One of the highlights of the June 11-16, 2002 American Theater Critics Association conference in Chicago was a lunchtime Q & A with composer Jerry Herman at the new Goodman Theater. Herman, born in Manhattan, now makes his home in L.A. "because I wanted to wake up every morning and see something green; I just wanted the climate and beauty Southern California offers."
He comes by his love of theater naturally: "My parents were musical theater buffs and took me to all the Broadway musicals." Herman said he was inspired by such shows as Oklahoma!, Annie Get Your Gun and Brigadoon. He would come home and play by ear the songs he had just heard. Herman said he wanted to become an architect and enrolled in the Parsons School of Design. His 'Mama Rose' had other ideas and recognized his musical gift. She took it upon herself to make an appointment for Jerry to meet with Frank Loesser and play for him. Jerry journeyed from his home in New Jersey to keep that appointment in New York, and the rest, as they say, is history. His leading ladies are a virtual who's who of Broadway legends including Ethel Merman, Mary Martin, Carol Channing, Pearl Bailey, and Molly Picon.

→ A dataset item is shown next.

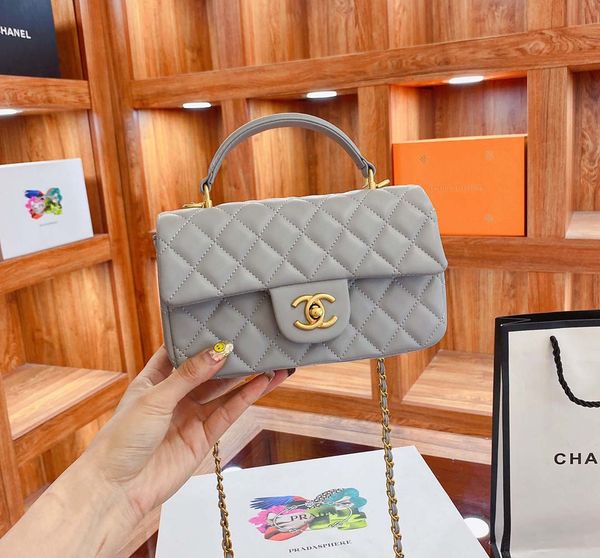 fashion designer bags women handbag crossbody messenger shoulder chain bag good quality leather purses ladies high capacity v-shape rhombic
fashion designer bags women handbag crossbody messenger shoulder chain bag good quality leather purses ladies high capacity v-shape rhombic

Yet Herman's architecture background did not go to waste, as he utilized it to inform his shows. Of Dolly!, Herman said, "I visualize every song that I write, and I could see all the waiters in green. I told Gower Champion (Dolly's director) that it contrasted with Dolly's red gown." In a show of trust for his visual acumen, "Theoni Aldredge allowed me to choose the fabrics and colors for La Cage Aux Folles." "The musical theater is all about collaboration," Herman added as he discussed the importance of the gestation period.
The one-hour ATCA program was moderated by Chicago member Jonathan Abarbanel, who coaxed Herman away from a program he was conducting on musical theater for high school and college students at DePaul University. It is part of his Jerry Herman Legacy Tour which he described as "probably the most important thing I've ever done in my life."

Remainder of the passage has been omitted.